The plant tag or seed packet should provide height and width information. For a little while, your perennial garden may look unrefined and unfilled, with large spaces between plants as they take their needed time to mature. It's only temporary, don't worry! As long as you measure out the area properly, they will fill in over time.
Mulching works hand in hand with weeding, controlling the growth of unwanted plants. Applying a layer of mulch suppresses weed growth, assists in moisture retention, and keeps the soil at a more even temperature.
When mulching, only apply 2-3 inches on top of the soil. If you add less than that, it won't be effective. Too much mulch, on the other hand, suffocates the soil and plant, preventing airflow and natural water flow. Also, and this is a big one because it happens so often, do not put the mulch right up next to the crown or stems of the plant. Leave 3-4 inches between the mulch and stem, again to prevent suffocation.
Mulch breaks down over time, so you'll need to bulk it up every spring to keep it at adequate levels. Applying mulch isn't a fun gardening job, but it saves so much time and effort in the long run, it quickly makes up for the initial hard work. Apply extra mulch in the winter to protect the plants if you live in a cold climate.
Tips For A Successful Perennial Garden
- Consider the mature heights of each perennial before planting. Since these plants will continue to grow in the same spot year after year, it would be awful if some get continuously hidden by others. Put the tall perennials in the back and layer the heights, so you don't miss any of the blooms.
- Choose perennials that bloom at different times. It's easy to get caught up in color schemes and flower displays and overlook bloom times. But, it is just as important. If they all bloom simultaneously, the flowering will be outstanding but also short-lived.
- The best perennial gardens include plants that flower throughout the seasons to maintain a long period of interest. The garden is there to be enjoyed, so stretch it out as long as possible with early, mid, and late-blooming flowers.
- Don't neglect deadheading spent flowers. Deadheading is simply cutting or pinching off old, dead flowers. This process improves the garden's overall look, but it is more than that.
- Deadheading spent flowers redirects the plant's energy, encouraging it to produce more blooms. Diverting the plant back to flower production also stalls the production of seeds. Once the plant goes to seed, it won't bloom anymore.
- Trellis or stake tall stemmed perennials. Most won't need it, but some particularly tall and unsteady plants benefit from a framework. Delphiniums, peonies, and hollyhocks always need staking. It's always easiest to set up stakes before the plant gets too big. Otherwise, you risk damaging the branches and roots.
- Perennials can be planted in spring or fall. Fall planting dates often get forgotten or overlooked because we are so accustomed to starting new plants in spring. A majority of perennials actually are best planted in fall, so mark it on your calendar – fall is for planting!
- You can start perennial plants from seeds or transplants. Often, it's better to get young plants from a local garden center because they're already established and are easy to get right into the garden.
- On the other hand, seeds are significantly less expensive.

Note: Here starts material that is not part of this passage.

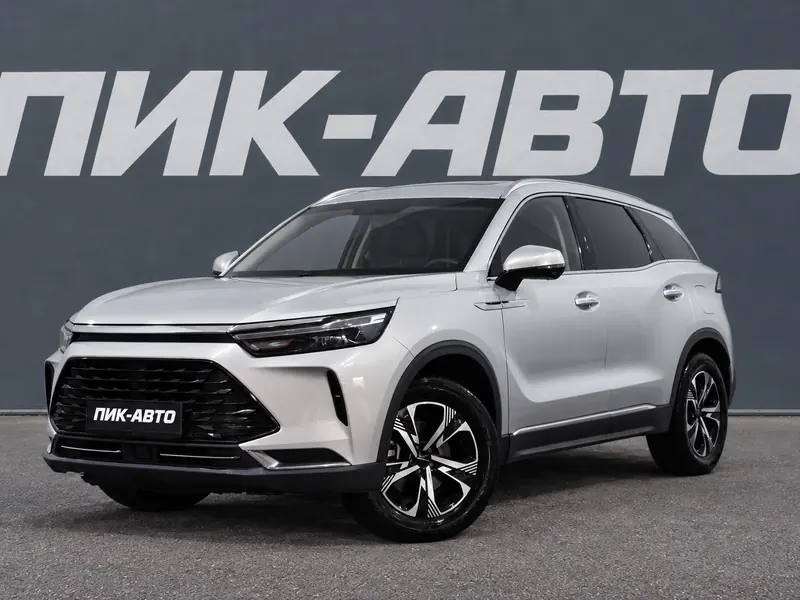 BAIC X7 2024 — с пробегом, внедорожник, белый, фото 1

Of course, they'll take much longer to get established from seed, so you need to weigh convenience against the cost to figure out the best option for you.
- Don't get overly enthusiastic about fertilizing. Most perennials don't need regular fertilizer applications, though some benefit from it occasionally. The only time to fertilize is if you notice the plants suffering. To understand what your plants need, you need to do a soil test – then you'll know how to fix the issue.
- When choosing perennials for your yard, don't focus solely on the flowers. Foliage is also a way to add interest, texture, and color to the landscape. Some perennial foliage features uniquely shaped leaves with interesting colors. Mix it up and keep it fresh and attractive!